Announcement

**indepe** · 13 March 2017, 04:38 PM

Originally posted by efikkan View Post

Synchronization of threads is not the problem.

Not talking about synchronization here, but about the assignment of threads to physical and/or HT cores. (And the knowledge of L3 access by cores).

Originally posted by efikkan View Post

"Multithreading" has been supported by all APIs since the late 90s.

I think DX 11 was the first "DX" to support MT, what do you mean with "all" APIs, other than DX 11 and Vulkan?
(Of course newer versions of OpenGL don't support multithreading either.)

**NihilMomentum** · 13 March 2017, 05:14 PM

Originally posted by gurv View Post

There's something wrong with the Tomb Raider Benchmark.
No way the 1080 Ti is pushing 160fps in 4k Ultra.
And no way the fps stays exactly the same between 4k normal and 4k ultra.

Other than that, performance difference between the 1800x and 7700k seems consistent with what I've seen elsewhere.
In gaming, Ryzen is hamstrung by its memory controller and has an IPC ~ 85% of Sandy Bridge which means ~ 70% of SkyLake/KabyLake
Given that the 7700k runs at 4.2Ghz (all core) vs 3.7 Ghz (all core) for the 1800x, that gives a theoretical advantage of ~ 65% to Skylake for gaming workload that don't benefit from more than 4 cores / 8 threads.
And that's pretty much what we see with Deus Ex MD (in 1080p), Dota 2, Civ 6 and Unigine Valley.
The gap is smaller with Unigine Heaven probably because it's taxing the GPU more.
It's also smaller for Metro Last Light because this game can benefit from more than 4 cores as show in a previous phoronix article.

Ryzen's IPC is Broadwell-E, which is only 5-6% lower than Skylake/Kabylake.
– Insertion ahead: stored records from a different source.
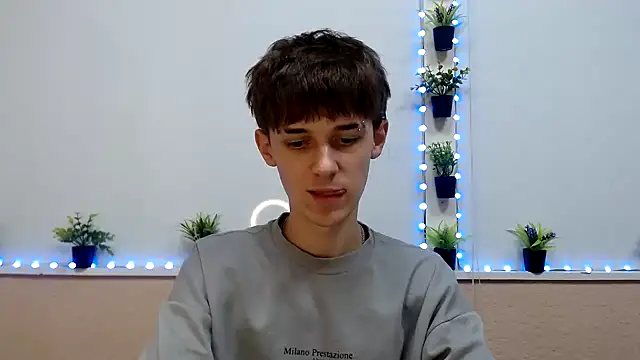 Hoot Dude  online show from November 12, 2025, 1:59 pm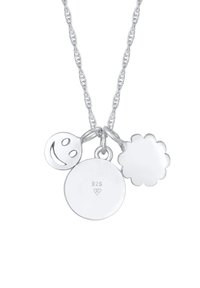 Zilveren ketting met een gedraaide schakel en drie hangers: een glimlachend gezicht, een ronde tag met "925" en een bloemenvorm.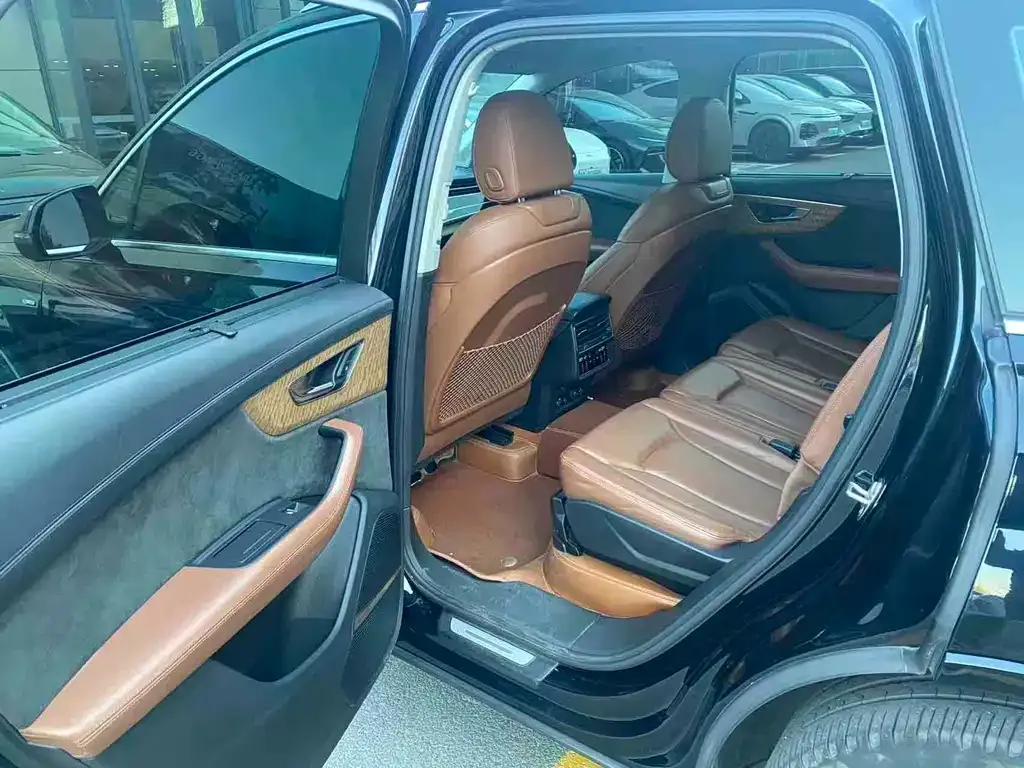 Audi Q7 2021 из CN, фото 3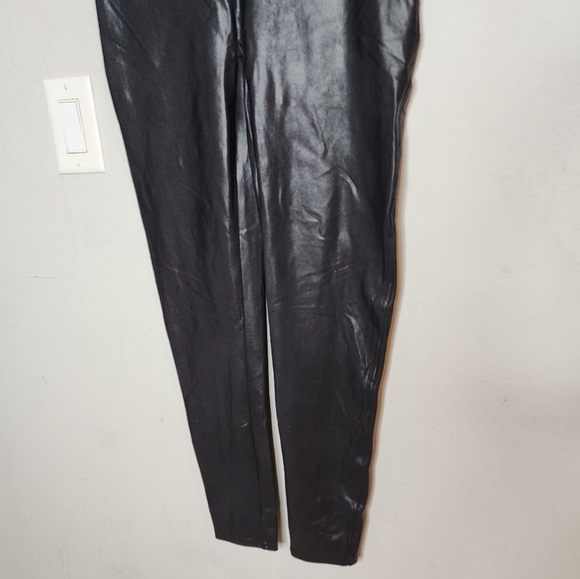 Spanx Mama Maternity Black Faux Leather Leggings Size 1X Vegan Leather Stretchy - Picture 15 of 16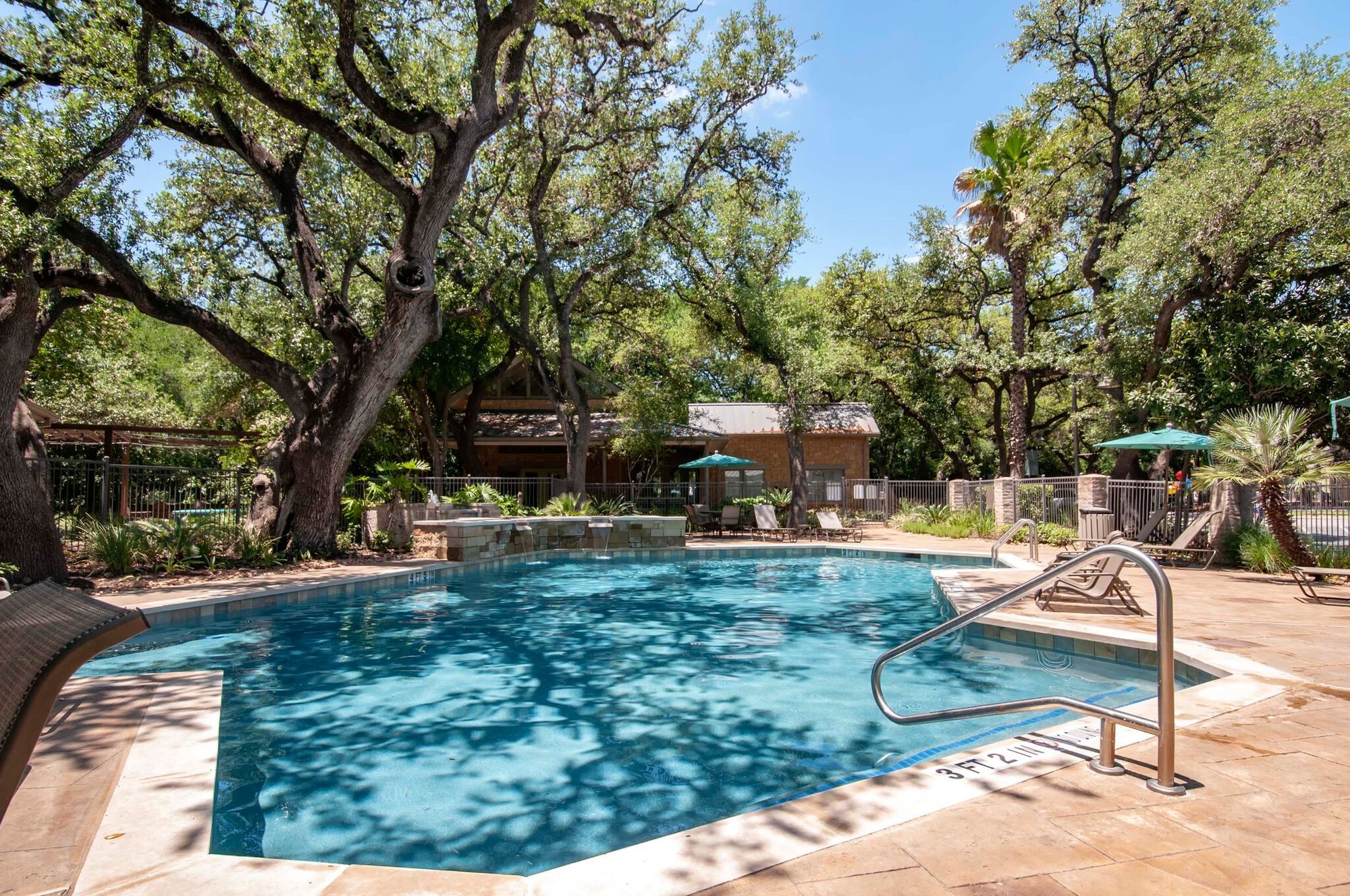 The Niche Apartments Image 6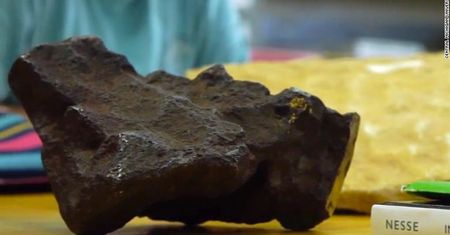 Meteoryt przez lata podpierał drzwi. Okazało się, że jest wart ponad 375 tysięcy złotych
Ryzen is only behind Intel in clockspeed ATM.

phoronix It's an interesting test to see how the R7 fares against the 6900k (or the comparable 5960k) in gaming on Linux, since they have equivalent IPC and close clockspeeds. This would help find out if there is some problem to be fixed with Ryzen right now (like on Windows).

**bakgwailo** · 13 March 2017, 05:37 PM

Originally posted by indepe View Post

A number of optimizations will come very easily, as shown by the fact that several games have a significant performance increase (for example more than 10% for Deus Ex in the test I referenced above) just by disabling SMT. Games should be able to easily gain further by using finer-grained thread control.
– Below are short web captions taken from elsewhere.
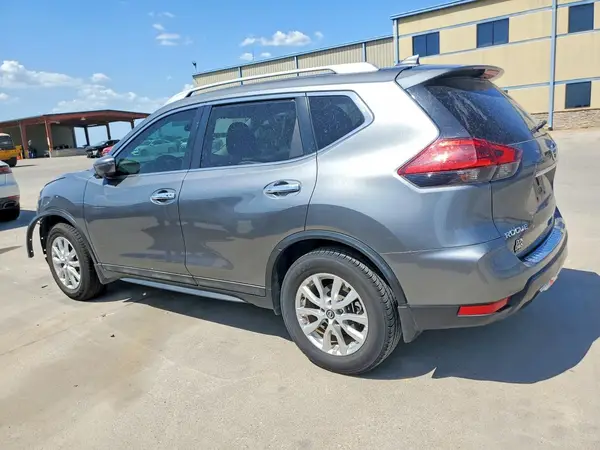 5N1AT2MT7HC886092 2017 NISSAN ROGUE - Image 2
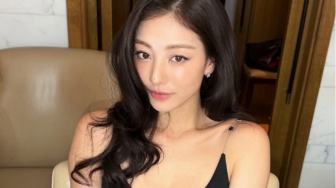 4 OOTD Edgy Streetwear ala Jihyo TWICE yang Siap Bikin Kamu Makin Pede!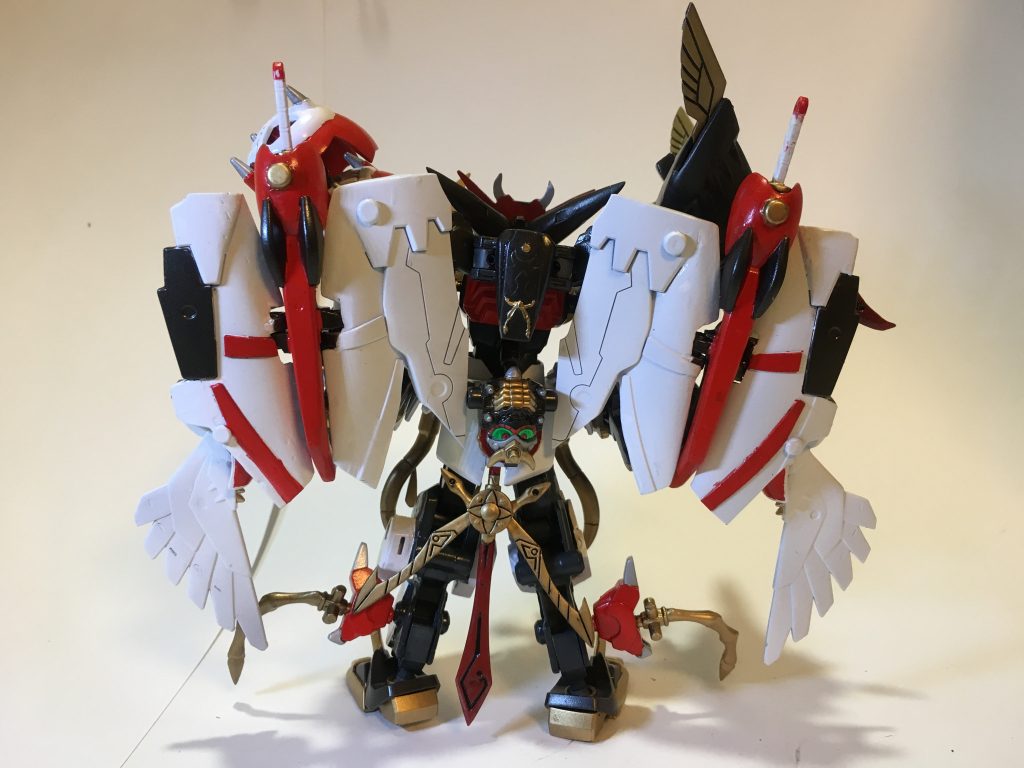 超覇道魔星大将軍 後面
上半身にパーツを詰め過ぎたので
自立するのが精一杯…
Also, my understanding is that DX 11 already has multi-threading, if so then games (or game engines) don't have to be converted to DX 12 in order to improve further on Ryzen 7.
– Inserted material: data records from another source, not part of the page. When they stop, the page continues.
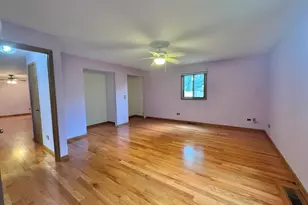 650 Waverly Dr, Elgin, IL 60120 - Photo 17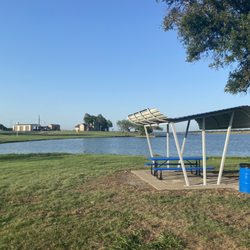 Lake Halbert Beach Park - Benches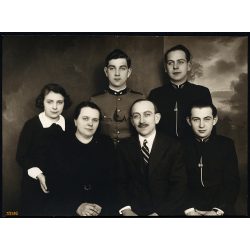   Nagyobb méret, családi fotó, fiatal férfiak egyenruhában, magyar katona (őrvezető), vasutasok, 2. világháború, Horthy-korszak, 1940-es évek, Eredeti fotó, papírkép. 
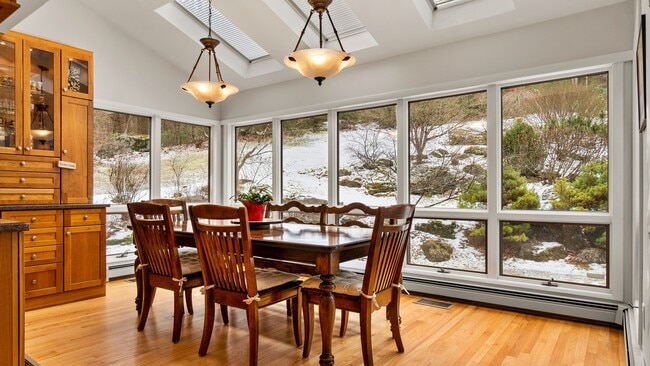 Building Photo - 14 Glendale Rd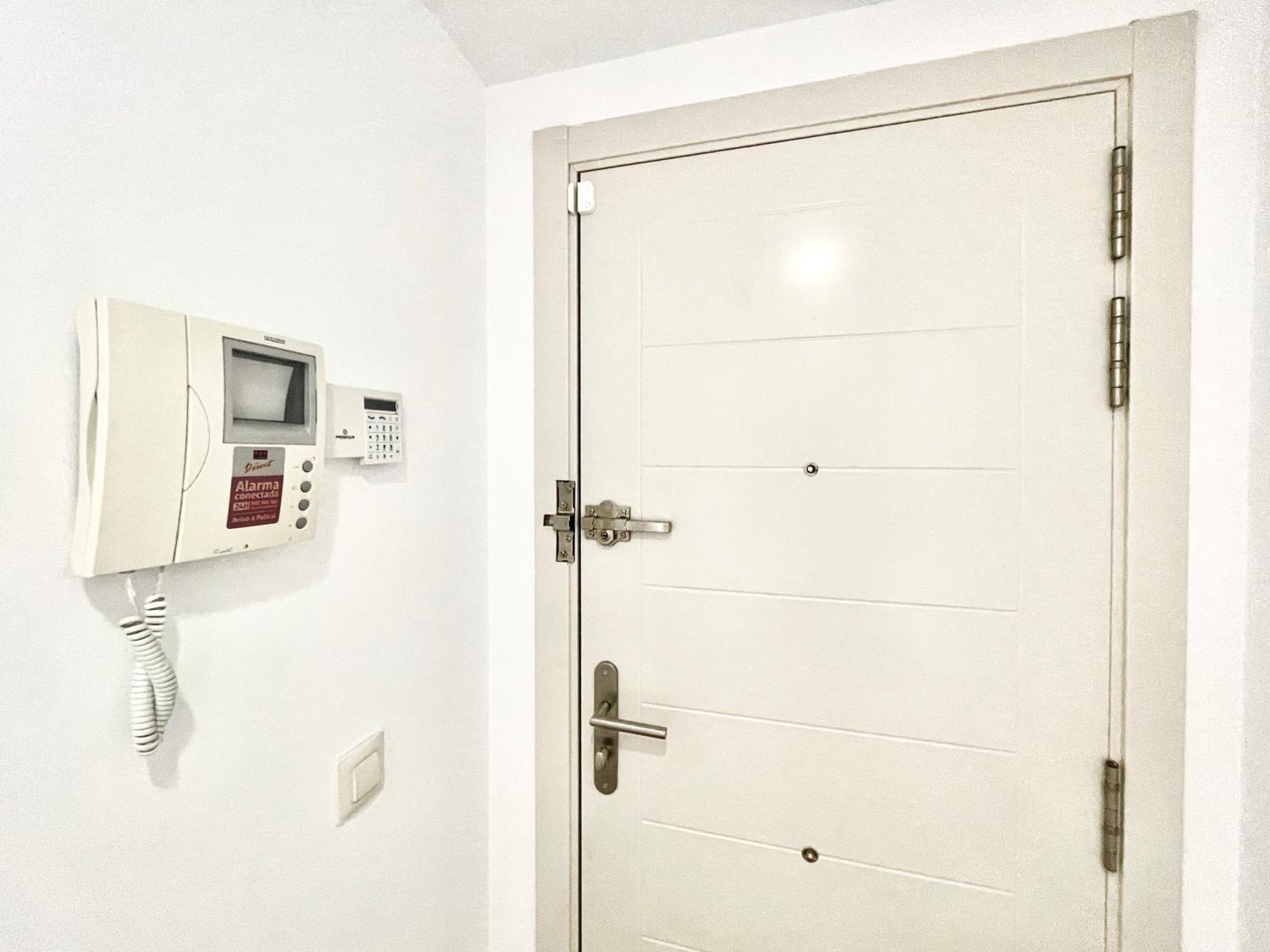 Maravilloso Apartamento Centrico De 70M2, Jardin Propio 40M2 Con Piscina Para Ninos Y Parking Opcional Màlaga Exteriér fotografie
That is assuming that all of the SMP penalty can be actually fixed. Even Intel's initial hyper threading had penalties. Being AMD's first attempt, one might need to wait until Zen+ for it to be fully fixed/carry no performance hit.

**indepe** · 13 March 2017, 05:55 PM

Originally posted by bakgwailo View Post

That is assuming that all of the SMP penalty can be actually fixed. Even Intel's initial hyper threading had penalties. Being AMD's first attempt, one might need to wait until Zen+ for it to be fully fixed/carry no performance hit.

No, it is simply assuming that a game can use more fine-grained thread affinities, to achieve *at least* the same effect as you can by turning SMT completely off (which can be more than 10% depending on the game).

For example, if a game has 2 or 3 threads on a critical path, it can assign a complete physical core (without SMT) to each of these threads, and use SMT for all others. That may result in a larger benefit, and be applicable to more games.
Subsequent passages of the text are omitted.